--- RECORDS FOR THE TASK ---
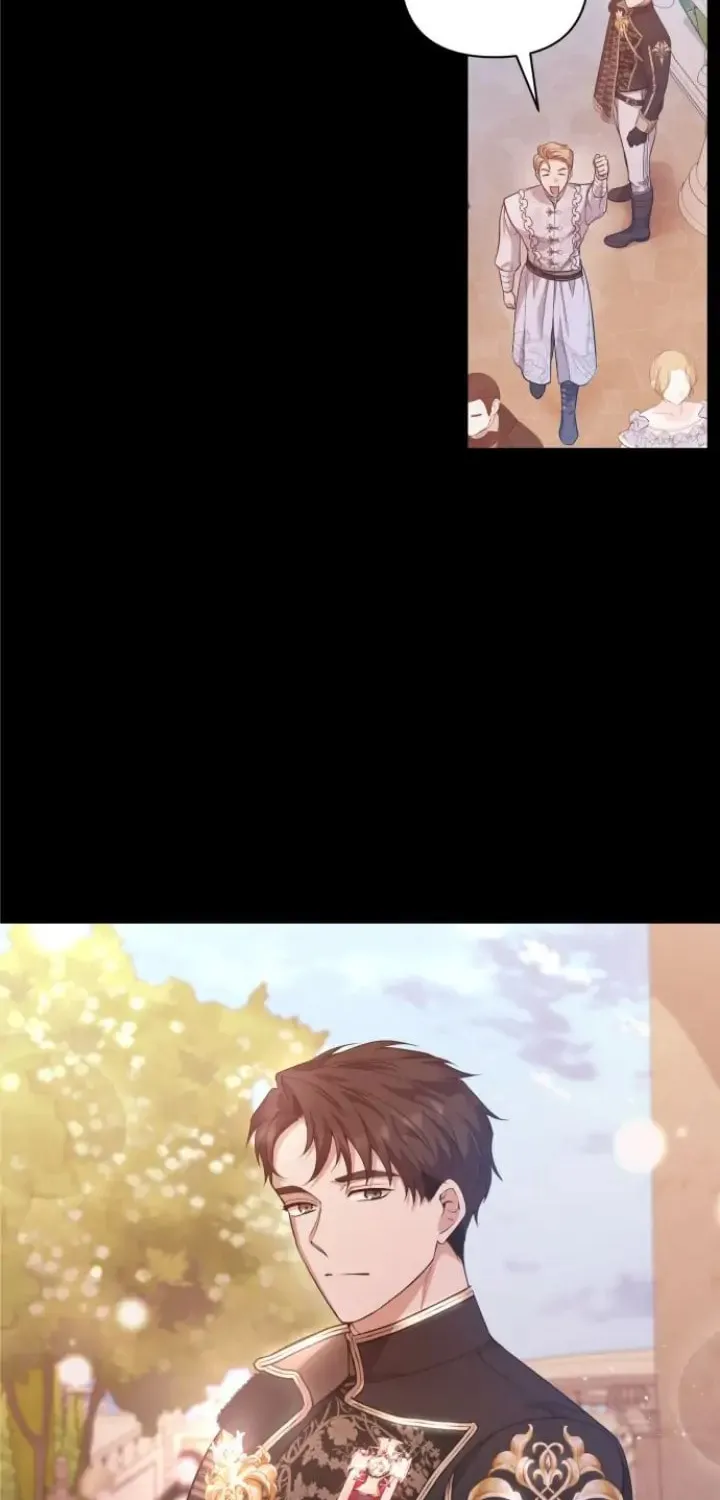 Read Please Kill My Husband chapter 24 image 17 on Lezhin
---
--- RECORDS FOR THE TASK ---
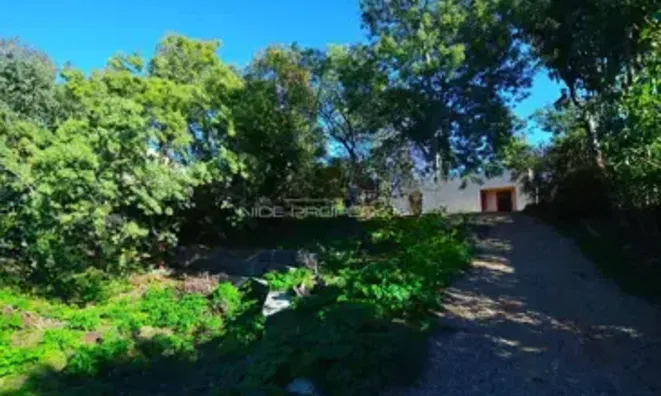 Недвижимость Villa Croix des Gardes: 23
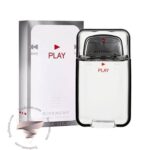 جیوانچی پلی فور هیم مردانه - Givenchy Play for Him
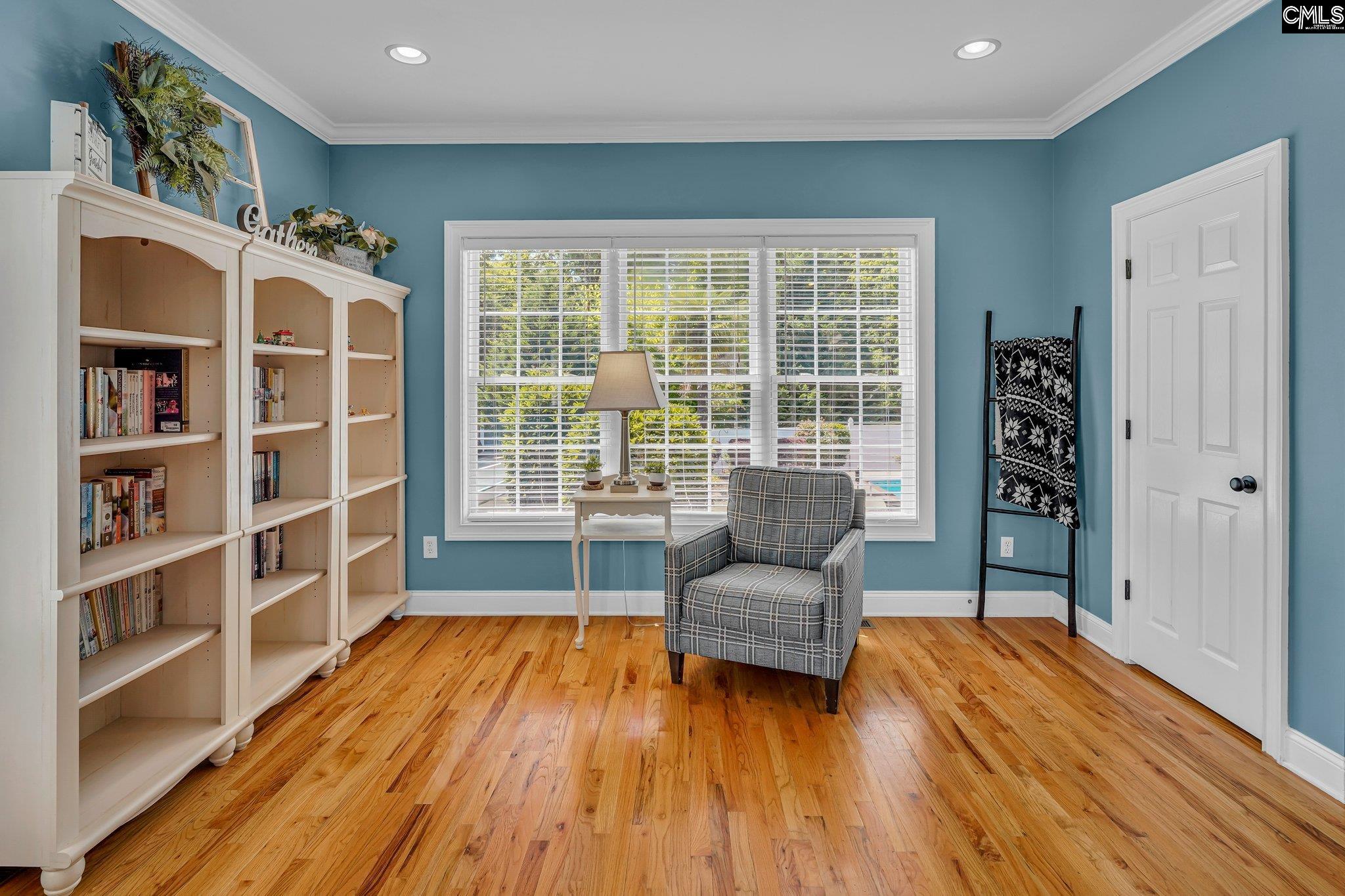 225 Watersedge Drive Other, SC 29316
---
--- RECORDS FOR THE TASK ---
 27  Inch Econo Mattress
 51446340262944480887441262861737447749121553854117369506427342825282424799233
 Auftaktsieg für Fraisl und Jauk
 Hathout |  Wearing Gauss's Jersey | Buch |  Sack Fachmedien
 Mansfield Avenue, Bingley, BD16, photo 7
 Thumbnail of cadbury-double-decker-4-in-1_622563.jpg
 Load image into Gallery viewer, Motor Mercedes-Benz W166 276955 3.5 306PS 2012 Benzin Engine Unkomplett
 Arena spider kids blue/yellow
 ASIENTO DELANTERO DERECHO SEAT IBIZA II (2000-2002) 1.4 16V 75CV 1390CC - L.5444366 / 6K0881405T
---
TO DO:
Could you repeat exactly the lines above from the line with "Auftaktsieg für Fraisl und Jauk" up to and including the line with "ASIENTO DELANTERO DERECHO", and only those?

RESPONSE BELOW:
 Auftaktsieg für Fraisl und Jauk
 Hathout |  Wearing Gauss's Jersey | Buch |  Sack Fachmedien
 Mansfield Avenue, Bingley, BD16, photo 7
 Thumbnail of cadbury-double-decker-4-in-1_622563.jpg
 Load image into Gallery viewer, Motor Mercedes-Benz W166 276955 3.5 306PS 2012 Benzin Engine Unkomplett
 Arena spider kids blue/yellow
 ASIENTO DELANTERO DERECHO SEAT IBIZA II (2000-2002) 1.4 16V 75CV 1390CC - L.5444366 / 6K0881405T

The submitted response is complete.